▶ **Requirement**
Give again, exactly, every line of the entries below from the one that has "Premier, Deluxe, King" to the last.

Short web captions

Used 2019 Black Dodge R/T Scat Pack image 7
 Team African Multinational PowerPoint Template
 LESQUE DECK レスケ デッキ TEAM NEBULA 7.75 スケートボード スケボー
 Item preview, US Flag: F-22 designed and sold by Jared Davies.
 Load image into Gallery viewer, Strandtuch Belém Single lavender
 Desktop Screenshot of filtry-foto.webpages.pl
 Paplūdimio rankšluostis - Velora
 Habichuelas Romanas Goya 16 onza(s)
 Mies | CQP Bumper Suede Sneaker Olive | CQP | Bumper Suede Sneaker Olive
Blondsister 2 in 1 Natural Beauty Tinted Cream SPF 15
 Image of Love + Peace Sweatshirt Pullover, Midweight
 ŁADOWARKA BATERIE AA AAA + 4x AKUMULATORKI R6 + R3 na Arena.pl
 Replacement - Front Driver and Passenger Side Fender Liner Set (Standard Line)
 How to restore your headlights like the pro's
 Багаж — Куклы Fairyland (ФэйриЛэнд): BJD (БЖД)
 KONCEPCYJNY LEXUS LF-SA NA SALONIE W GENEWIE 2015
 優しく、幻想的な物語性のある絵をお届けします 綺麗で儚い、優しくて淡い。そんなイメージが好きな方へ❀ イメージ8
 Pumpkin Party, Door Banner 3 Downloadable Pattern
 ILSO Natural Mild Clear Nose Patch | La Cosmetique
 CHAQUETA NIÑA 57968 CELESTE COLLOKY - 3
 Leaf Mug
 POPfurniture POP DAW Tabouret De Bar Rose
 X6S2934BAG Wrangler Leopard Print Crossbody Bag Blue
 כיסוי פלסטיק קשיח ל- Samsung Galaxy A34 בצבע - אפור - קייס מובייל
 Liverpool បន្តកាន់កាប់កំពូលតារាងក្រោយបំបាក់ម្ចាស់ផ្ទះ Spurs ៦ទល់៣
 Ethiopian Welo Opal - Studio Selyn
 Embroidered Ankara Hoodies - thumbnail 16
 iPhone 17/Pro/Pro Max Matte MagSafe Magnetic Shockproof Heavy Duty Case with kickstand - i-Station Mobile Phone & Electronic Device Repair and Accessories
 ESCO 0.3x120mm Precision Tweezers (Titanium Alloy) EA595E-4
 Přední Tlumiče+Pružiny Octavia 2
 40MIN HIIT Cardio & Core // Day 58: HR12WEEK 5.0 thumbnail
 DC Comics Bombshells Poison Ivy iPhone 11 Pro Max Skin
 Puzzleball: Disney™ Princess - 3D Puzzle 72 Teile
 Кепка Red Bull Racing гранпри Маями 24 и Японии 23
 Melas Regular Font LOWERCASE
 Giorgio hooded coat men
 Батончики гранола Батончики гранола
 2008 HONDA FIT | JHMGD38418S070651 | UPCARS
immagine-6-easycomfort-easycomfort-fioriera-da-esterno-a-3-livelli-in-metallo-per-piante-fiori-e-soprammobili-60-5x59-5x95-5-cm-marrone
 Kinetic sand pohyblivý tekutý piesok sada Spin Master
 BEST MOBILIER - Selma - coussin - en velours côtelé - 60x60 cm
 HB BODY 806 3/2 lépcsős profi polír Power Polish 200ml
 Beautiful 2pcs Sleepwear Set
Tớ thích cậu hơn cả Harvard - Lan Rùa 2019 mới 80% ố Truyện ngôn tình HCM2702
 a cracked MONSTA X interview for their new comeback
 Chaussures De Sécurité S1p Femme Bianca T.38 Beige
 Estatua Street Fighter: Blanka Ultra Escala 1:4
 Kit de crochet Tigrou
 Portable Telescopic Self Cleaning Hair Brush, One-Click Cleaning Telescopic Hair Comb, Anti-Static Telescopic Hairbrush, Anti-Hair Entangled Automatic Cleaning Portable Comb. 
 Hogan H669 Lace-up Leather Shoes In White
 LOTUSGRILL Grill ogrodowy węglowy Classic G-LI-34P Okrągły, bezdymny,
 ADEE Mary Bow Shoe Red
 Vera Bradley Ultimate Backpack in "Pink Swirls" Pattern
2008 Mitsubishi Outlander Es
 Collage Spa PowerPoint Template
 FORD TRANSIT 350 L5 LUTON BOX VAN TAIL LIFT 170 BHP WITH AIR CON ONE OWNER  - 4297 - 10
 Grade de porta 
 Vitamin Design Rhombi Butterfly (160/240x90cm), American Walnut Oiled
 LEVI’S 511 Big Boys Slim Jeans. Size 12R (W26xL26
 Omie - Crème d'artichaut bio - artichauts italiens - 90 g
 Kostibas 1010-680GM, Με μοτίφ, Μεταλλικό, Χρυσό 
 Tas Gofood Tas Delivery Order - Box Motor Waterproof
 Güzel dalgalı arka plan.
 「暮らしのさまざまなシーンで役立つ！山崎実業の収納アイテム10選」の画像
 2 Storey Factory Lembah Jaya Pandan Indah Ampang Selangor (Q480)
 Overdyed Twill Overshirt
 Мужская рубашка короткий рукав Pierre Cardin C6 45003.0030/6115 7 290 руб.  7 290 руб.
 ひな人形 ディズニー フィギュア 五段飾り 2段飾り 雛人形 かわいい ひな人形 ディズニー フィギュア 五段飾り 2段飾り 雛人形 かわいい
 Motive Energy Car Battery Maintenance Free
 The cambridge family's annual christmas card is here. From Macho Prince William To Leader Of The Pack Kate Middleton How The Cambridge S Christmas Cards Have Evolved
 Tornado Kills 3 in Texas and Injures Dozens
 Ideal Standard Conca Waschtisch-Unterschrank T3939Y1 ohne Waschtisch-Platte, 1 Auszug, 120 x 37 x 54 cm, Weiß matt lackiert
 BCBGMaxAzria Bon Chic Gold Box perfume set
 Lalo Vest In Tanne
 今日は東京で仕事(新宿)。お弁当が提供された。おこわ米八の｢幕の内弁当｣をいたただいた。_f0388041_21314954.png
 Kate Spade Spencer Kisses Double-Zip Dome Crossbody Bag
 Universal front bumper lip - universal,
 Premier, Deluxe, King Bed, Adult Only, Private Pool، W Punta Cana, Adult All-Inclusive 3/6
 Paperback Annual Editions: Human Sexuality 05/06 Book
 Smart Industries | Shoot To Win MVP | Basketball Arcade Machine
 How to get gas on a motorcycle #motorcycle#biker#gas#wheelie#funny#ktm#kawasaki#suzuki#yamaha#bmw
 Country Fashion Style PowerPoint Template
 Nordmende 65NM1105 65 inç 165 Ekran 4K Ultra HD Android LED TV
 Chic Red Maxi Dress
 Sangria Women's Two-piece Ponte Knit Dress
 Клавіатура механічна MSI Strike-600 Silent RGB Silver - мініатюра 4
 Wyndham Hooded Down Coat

▶ **Reply to the exercise**
 Premier, Deluxe, King Bed, Adult Only, Private Pool، W Punta Cana, Adult All-Inclusive 3/6
 Paperback Annual Editions: Human Sexuality 05/06 Book
 Smart Industries | Shoot To Win MVP | Basketball Arcade Machine
 How to get gas on a motorcycle #motorcycle#biker#gas#wheelie#funny#ktm#kawasaki#suzuki#yamaha#bmw
 Country Fashion Style PowerPoint Template
 Nordmende 65NM1105 65 inç 165 Ekran 4K Ultra HD Android LED TV
 Chic Red Maxi Dress
 Sangria Women's Two-piece Ponte Knit Dress
 Клавіатура механічна MSI Strike-600 Silent RGB Silver - мініатюра 4
 Wyndham Hooded Down Coat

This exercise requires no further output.